To run this model check out OpenArc.

Muse-12B-int4_asym-ov

This model was converted to OpenVINO IR using weight only compression to int4_asym.

Muse-12B has been exceptional so far.

It doesn't shy away from, um, intense topics and refusals aren't a problem. At this time we don't have access to all the samplers reccomended by LatitudeGames but I haven't seen massive degredation.

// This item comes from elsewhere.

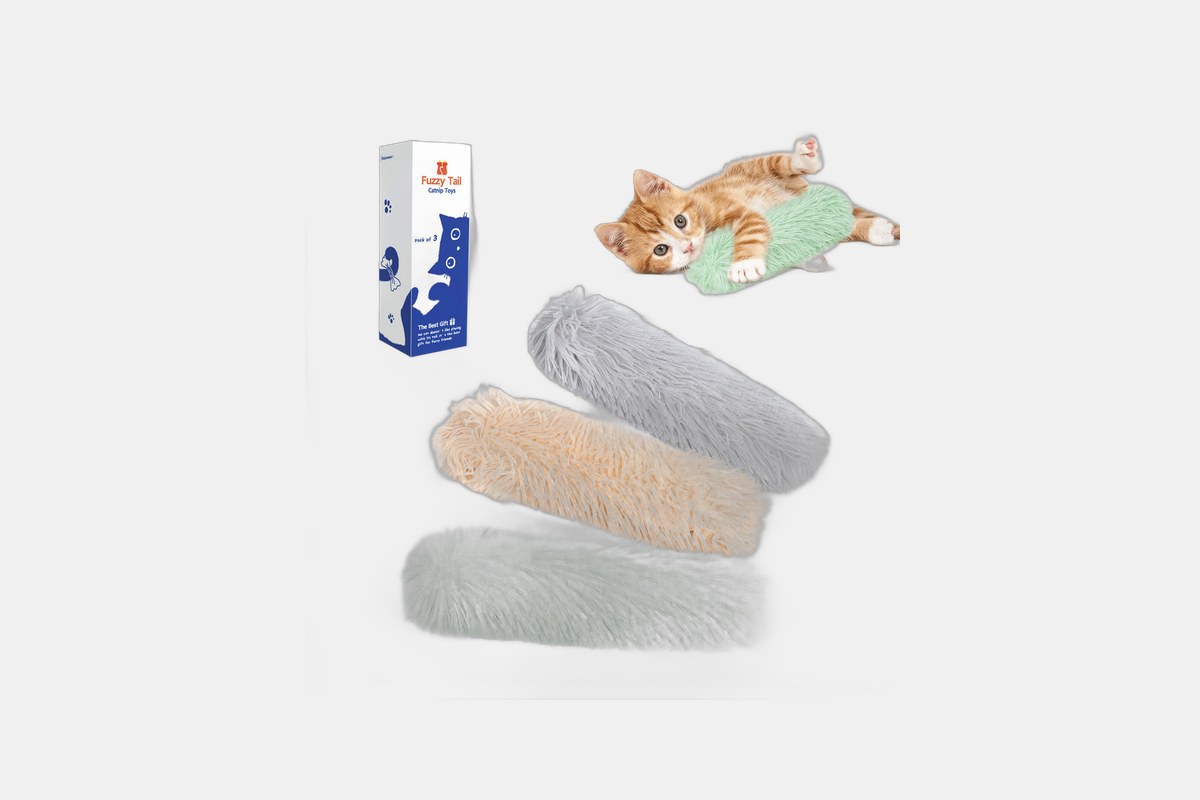 Potaroma Catnip Pillow Kicker Toy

Long context performance remains strong, and with some scaffolding could be a reliable workhorse, though sometimes a bit verbose.

Another interesting usecase has been tinkering inside the talk_to_llm.py. Using this demo hooks up Muse-12B with whisper and kokoro using the OpenArc server.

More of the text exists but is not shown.